Web page caption snippets ->

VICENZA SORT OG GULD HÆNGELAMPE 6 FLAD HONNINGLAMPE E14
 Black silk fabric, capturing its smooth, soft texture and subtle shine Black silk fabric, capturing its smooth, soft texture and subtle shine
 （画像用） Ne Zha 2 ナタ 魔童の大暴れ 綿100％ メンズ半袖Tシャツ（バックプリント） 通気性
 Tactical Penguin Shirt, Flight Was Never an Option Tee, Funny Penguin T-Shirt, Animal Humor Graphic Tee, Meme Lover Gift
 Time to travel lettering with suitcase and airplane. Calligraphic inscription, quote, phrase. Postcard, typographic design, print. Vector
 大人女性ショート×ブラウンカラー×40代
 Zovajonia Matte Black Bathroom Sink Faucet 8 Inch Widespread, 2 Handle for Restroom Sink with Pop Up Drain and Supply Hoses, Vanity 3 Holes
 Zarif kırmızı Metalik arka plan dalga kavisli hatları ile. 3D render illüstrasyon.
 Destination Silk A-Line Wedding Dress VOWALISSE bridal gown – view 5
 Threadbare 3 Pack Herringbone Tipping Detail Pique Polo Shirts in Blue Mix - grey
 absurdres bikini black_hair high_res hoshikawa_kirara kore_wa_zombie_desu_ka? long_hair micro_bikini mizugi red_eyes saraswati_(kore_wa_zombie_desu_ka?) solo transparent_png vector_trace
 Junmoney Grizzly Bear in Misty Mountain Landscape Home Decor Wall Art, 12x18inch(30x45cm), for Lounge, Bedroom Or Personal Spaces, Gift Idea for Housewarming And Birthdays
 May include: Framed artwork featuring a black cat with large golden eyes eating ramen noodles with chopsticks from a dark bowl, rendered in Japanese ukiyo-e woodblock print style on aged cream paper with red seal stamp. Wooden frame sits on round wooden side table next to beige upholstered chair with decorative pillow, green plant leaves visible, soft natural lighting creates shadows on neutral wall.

Exercise objective ->
Write down exactly the span of lines above from the one containing "Time to travel" to the one containing "absurdres bikini black_hair", both ends included.

Answer box ->
 Time to travel lettering with suitcase and airplane. Calligraphic inscription, quote, phrase. Postcard, typographic design, print. Vector
 大人女性ショート×ブラウンカラー×40代
 Zovajonia Matte Black Bathroom Sink Faucet 8 Inch Widespread, 2 Handle for Restroom Sink with Pop Up Drain and Supply Hoses, Vanity 3 Holes
 Zarif kırmızı Metalik arka plan dalga kavisli hatları ile. 3D render illüstrasyon.
 Destination Silk A-Line Wedding Dress VOWALISSE bridal gown – view 5
 Threadbare 3 Pack Herringbone Tipping Detail Pique Polo Shirts in Blue Mix - grey
 absurdres bikini black_hair high_res hoshikawa_kirara kore_wa_zombie_desu_ka? long_hair micro_bikini mizugi red_eyes saraswati_(kore_wa_zombie_desu_ka?) solo transparent_png vector_trace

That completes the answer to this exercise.